Menu

#25 UnicodeEncodeError

closed
nobody
None
5
2012-10-26
2011-07-31
Blackwell
No

Entering a German umlaut (for example "ä") causes this error for me:

Traceback (most recent call last):
File "C:\Users\me\pycmd\PyCmd.py", line 661, in <module>
main()
File "C:\Users\me\pycmd\PyCmd.py", line 153, in main
sys.stdout.write(line[:sel_start])
UnicodeEncodeError: 'ascii' codec can't encode character u'\xe4' in position 0: ordinal not in range(128)

These may be related:

http://stackoverflow.com/questions/1473577/writing-unicode-strings-via-sys-stdout-in-python
http://bugs.python.org/issue4947

This naive patch seems to fix the immediate problem, but it surely is not complete as it does not consider any places where sys.stdout.write() is being used:

diff --git a/PyCmd.py b/PyCmd.py
index bc178f5..a8ed7d0 100644
--- a/PyCmd.py
+++ b/PyCmd.py
@@ -150,11 +150,11 @@ def main():
cursor = len(state.before_cursor)
sel_start, sel_end = state.get_selection_range()
set_text_attributes(orig_attr)
- sys.stdout.write(line[:sel_start])
+ sys.stdout.write(line[:sel_start].encode(sys.stdout.encoding))
set_text_attributes(orig_attr ^ FOREGROUND_WHITE ^ BACKGROUND_WHITE)
- sys.stdout.write(line[sel_start: sel_end])
+ sys.stdout.write(line[sel_start: sel_end].encode(sys.stdout.encoding))
set_text_attributes(orig_attr)
- sys.stdout.write(line[sel_end:])
+ sys.stdout.write(line[sel_end:].encode(sys.stdout.encoding))
else:
# print '\n\n', (before_cursor + after_cursor).split(history_filter), '\n\n'
(chunks, seps) = split_nocase(state.before_cursor + state.after_cursor, state.history_filter)

Discussion

  • Blackwell

    Blackwell - 2011-07-31

    I forgot to add relevant details, sorry:

    • Windows 7, German
    • Python 2.6.5 (r265:79096, Mar 19 2010, 21:48:26) [MSC v.1500 32 bit (Intel)] on win32
    • cmd.exe codepage is 850.
    • The error does not occur when starting cmd.exe with "cmd.exe /u ...", but then I have other problems in Console2.
    • In Python sys.getdefaultencoding() returns "ascii".
    • In Python sys.stdout.encoding is "cp850".
     
  • Horea Haitonic

    Horea Haitonic - 2011-08-04

    The report is correct, PyCmd cannot currently handle non-English characters.

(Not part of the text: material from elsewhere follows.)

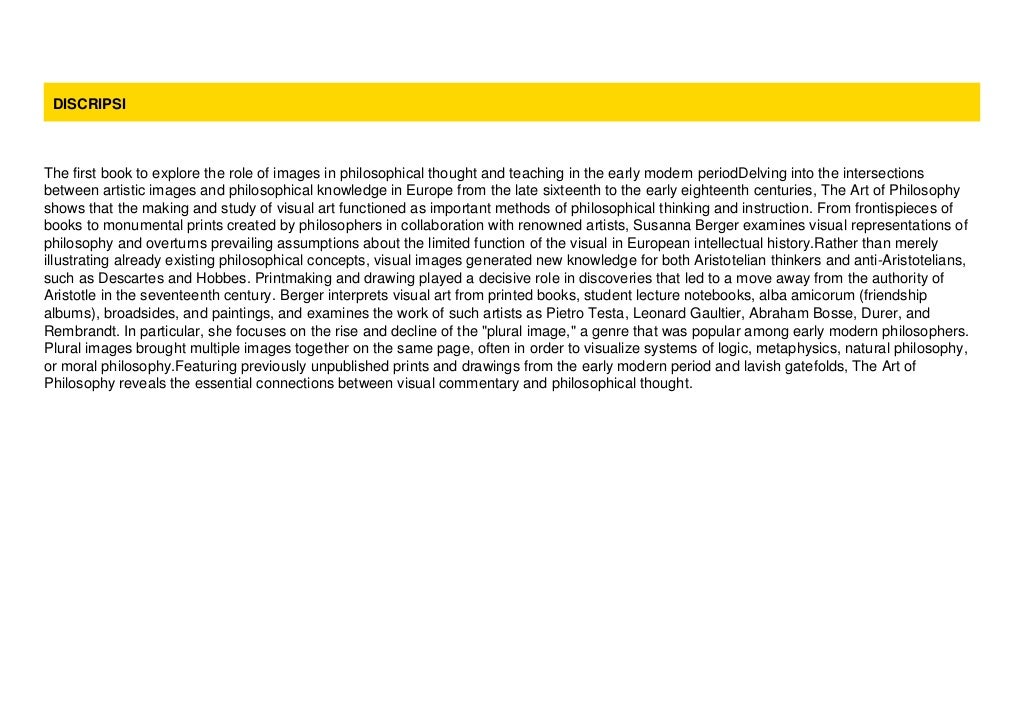 [PDF] The Art of Philosophy: Visual Thinking in Europe from the Late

The fix you suggest looks good, I can try to apply it to all the places where sys.stdout.write is used. Thank you very much!

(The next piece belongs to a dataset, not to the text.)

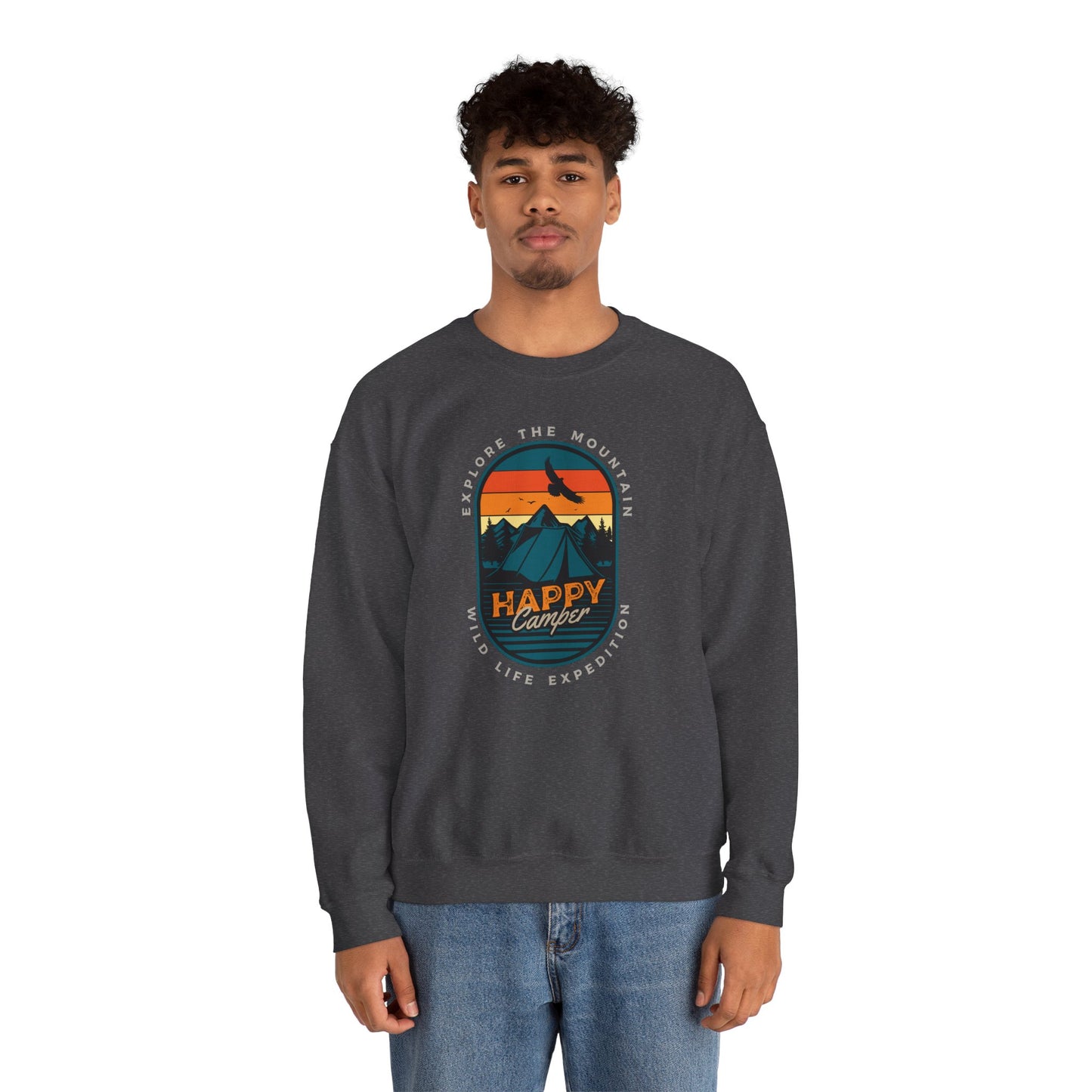 Happy Camper Explore the Mountain Crewneck Sweatshirt (CA)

    p.s. 1. If you feel like it and have time to spend, you can implement this yourself and send me a patch to apply on your behalf (this shouldn't be too hard, I am thinking of a write_str() function in console.py to replace all invocations of sys.stdout.write())

    p.s. 2. Odds are that PyCmd will remain i18n-challenged in other respects; we will fix those along the way...

     
  • Blackwell

    Blackwell - 2011-09-04

    Hello.

    I have uploaded an updated patch for this. Again this patch is just fixed the places where I ran into problems while trying a few simple things. It is not the product of a thorough code analysis.)

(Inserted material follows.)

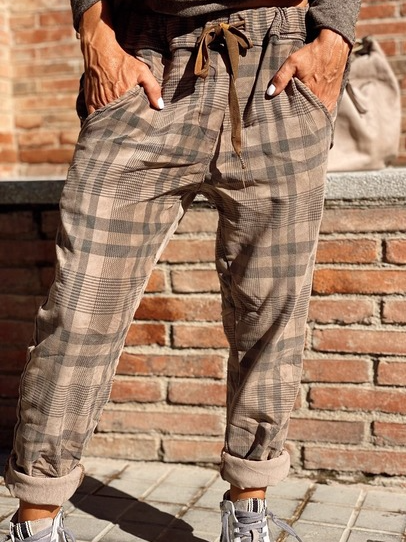 

Check casual elastic waist loose pants, Khaki, Pants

    The patch attempts to use Unicode everywhere, but I certainly missed a few string literals ('foo' instead of u'foo').

    What worries me about this problem area is that getting the encodings right seems like a little intellectual task of its own, so my fear is that any future change may easily break things again (a string literal instead of a Unicode string literal in the wrong place would be enough).

    For this reason I guess respective tests should ensure that future changes don't break things too easily.

    For better overview, here is a list of the encodings and in which places they are being used currently (with the latest patch applied):

    The encoding sys.stdout.encoding is used by/for these:

    • sys.stdout
    • The file tmpfile.
    • The file tmpfile_errorlevel.
    • Values in environment variables (inside the PyCmd process itself).

    The encoding sys.getfilesystemencoding() is used by these:

    • Functions in os.* and their return values.
    • Functions in os.path.* and their return values.

    The encoding UTF-8 is used by these:

    • The command history file.
    • The directory history file.
     
  • Horea Haitonic

    Horea Haitonic - 2011-09-08

    O my machine, the patched version ruined the dir_history file with respect to newlines; this makes PyCmd crash when starting in certain locations. Looking through the patch that you sent, I found that it adds a suspicious line after line PyCmd:664 that might be the culprit. Did I miss something? Is the history_file.writelines(lines) intended?

     
  • Blackwell

    Blackwell - 2011-09-08

    Corrected issue raised in comment 2011-09-08 16:03:26 CEST

     
  • Blackwell

    Blackwell - 2011-09-08

    Hello Horea,

    thank you for looking at the patch.

    That particular line was indeed an unwanted left-over from previous code changes.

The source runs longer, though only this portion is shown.